A string of physicians and HIV patients, speaking on the drug's behalf, emphasized that the drug would be an important option for patients who fail with other therapies. Many of these patients and physicians were paid by the drug's manufacturer, Gilead Sciences, to attend the committee meeting.

In a lopsided 13-1 vote, the FDA's Antiviral Drugs Advisory Committee today moved not to recommend approval of ADV, which is a reverse transcriptase inhibitor similar to AZT (zidovudine). The company had sought to market the drug for patients who had failed other treatments for HIV.

Although the drug has shown promise, the firm had limited data for its proposed dosage. Moreover, the agent has shown troublesome kidney toxicity.

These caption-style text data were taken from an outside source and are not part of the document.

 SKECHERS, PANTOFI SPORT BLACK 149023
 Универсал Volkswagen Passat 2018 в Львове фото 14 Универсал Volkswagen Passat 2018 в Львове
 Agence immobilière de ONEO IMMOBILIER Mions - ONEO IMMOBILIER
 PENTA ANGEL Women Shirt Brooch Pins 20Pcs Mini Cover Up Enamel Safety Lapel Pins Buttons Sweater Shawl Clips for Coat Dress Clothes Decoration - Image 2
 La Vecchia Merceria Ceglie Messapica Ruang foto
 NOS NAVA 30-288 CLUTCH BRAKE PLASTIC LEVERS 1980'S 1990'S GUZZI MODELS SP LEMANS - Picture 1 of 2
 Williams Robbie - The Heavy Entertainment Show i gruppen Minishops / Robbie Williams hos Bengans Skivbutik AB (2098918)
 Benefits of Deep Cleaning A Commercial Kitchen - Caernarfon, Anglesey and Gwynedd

In one trial of more than 400 patients, ADV demonstrated a significant reduction in the HIV virus that lasted through 48 weeks of treatment. But the trial showed no effect on CD-4 cell count, a marker of severity of the disease, and several other trials failed to demonstrate positive results -- or lacked sufficient power for FDA to evaluate.

According to panel member, Wafaa Ed-Sadr, MD, "I don't think we're there yet."

Although the ADV studies that the company initially conducted focused on a 120 mg daily dose, liver toxicity concerns prompted Gilead to halve the proposed dose. One trial then compared the 60 mg and 120 mg doses, which were administered to patients as part of varying combination therapy. Results suggested similar outcomes, but the study lacked long-term measures of the lower doses' effectiveness and safety.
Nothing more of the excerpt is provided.